US and Australian-origin tongue were also on sale. Meals varied in cost from around ¥1,000 to about ¥2,500 (roughly €8.41 to €20.36).

On the other end of the scale, in the top-end restaurant based in the Hilton Hotel, Tokyo, Irish grass-fed beef was being sold for high-priced fares.

As can be seen in the menu below, an Irish grass-fed beef tomahawk steak weighing 1kg costs ¥24,500 – a whopping €199.55.

The meat was branded and supplied by Co. Longford based firm John Stone.

While the Irish steak was the most expensive item price-wise on the Hilton restaurant’s menu, per kg the domestically produced Wagyu steaks are considerably more costly.

A 200g A5 sirloin steak was priced at ¥13,800 (€112.40), working out at €562/kg; while the 150g A5 tenderloin steak would cost the buyer ¥14,900 (121.36) – a whopping €809/kg.

Ireland to date has sold relatively small amounts of beef into the Japanese market, though it supplies a considerably larger quantity of pigmeat.

In 2018, Ireland supplied 15,647t of beef and pork to Japan, comprising over 765t of beef offal, 67t of fresh and frozen beef, and 14,805t of pork – less than 0.6% of total demand.
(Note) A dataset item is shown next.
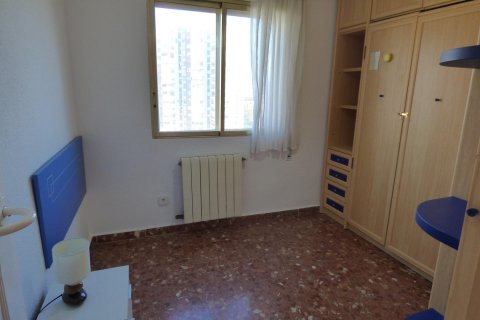 Apartament w Cabo De Las Huertas, Alicante, Hiszpania 4 sypialnie, 130 mkw. nr 168791 – zdjęcie 15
Focusing in on tongue, Japan imported 22,330t of beef tongue last year – with Ireland the fifth largest supplier to that market after the US, Australia, New Zealand and Canada.

Ireland exported 238t of tongue in 2018, according to the Central Statistics Office (CSO).

Beef consumption has grown steadily in Japan since 2015, from 9.25kg per capita to 10.2kg in 2018. Further increases are predicted into 2023. Domestically, Japan produced 800,000t of beef in 2018, with a consumption requirement of 1.3 million tonnes.

Japan is the world’s third-largest importer of beef, after the US and China.

The market is currently dominated by Australian and US beef, which comprise 91% of total beef imports at present.